In this special 10-part series, ESPN's Jayaditya Gupta, who has attended every World Cup since 2002, recalls his favourite matches from the tournament. At no. 8, it's South Korea's first match as World Cup hosts in 2002, when a nation went mad as Guus Hiddink turned a baseball country into one squarely behind football.
The context
South Korea's first match as World Cup hosts, in a group that also featured Portugal and the USA. So they had to get maximum points here.
The match
The hosts began nervously, then gained confidence as they settled down. Hwan Sun-Hong, playing his third World Cup, scored his 50th international goal to put Korea in the lead in the 26th minute and Yoo Sang-Chul doubled that after the break. Poland never really had a chance after that and, though they had a distinct height advantage and used a long-ball strategy, the Koreans were up for whatever was thrown at them. With more than half an hour to go, it was all over bar the chanting.
Also read
32 teams in 32 days: South Korea
The memories
Largely, a nation going mad. In the stadium, a heaving cauldron of red - everyone wore the national team colours, including, helpfully, the Polish fans - and rhythmic, deafening chants of "Tae Han Min Guk"(Korea, in Korean) backed by nonstop drumming. Out in the streets of Busan, Seoul and every other large city, crowds gathered - red jerseys, red face-paint, red bandanas - in front of giant screens.

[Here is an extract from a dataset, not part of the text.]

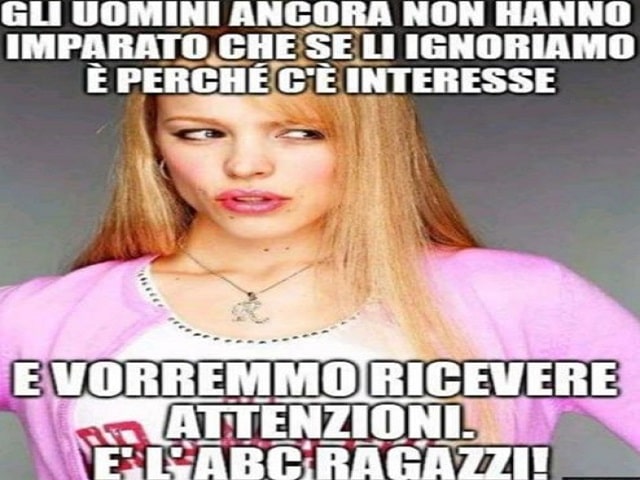 Gli uomini ancora non hanno imparato che se li ignoriamo è perché c'è interesse e vorremmo ricevere attenzioni.È l'abc, ragazzi!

The wall of sound began when the team came out for the warm-up and ended long after the final whistle, after the team's victory lap and almost until the last drum had been packed away in the North Stand, where the most passionate fans sat (or stood). If the first jointly held World Cup was at times seen as competition between the hosts, South Korea won this round hands down.
Presiding over all of this, like some benign deity, was Guus Hiddink, the coach who led them to the promised land of the semi-finals. He was everywhere: voted Most Suitable Husband by the contestants at the Miss Korea contest, mooted as a possible candidate for the upcoming national presidential elections (there were calls to change the constitution for this express purpose), the subject of an analysis by the Samsung Economic Research Institute of what it called Hiddink Leadership: seven virtues it believed CEOs could learn from. The more Hiddink, a phlegmatic character, tried to downplay expectations, the higher they rose.
You couldn't blame the Koreans; Hiddink had turned, at least temporarily, a baseball country into one squarely behind football. In the days before the World Cup began some of the English-language papers ran headlines with "16?" - a reference to whether the national team would make it to the Round of 16. The opening match blew those doubts away; this win took them to the top of the table, a position they held through the group stage, and momentum (and some good fortune) carried them through to the semis.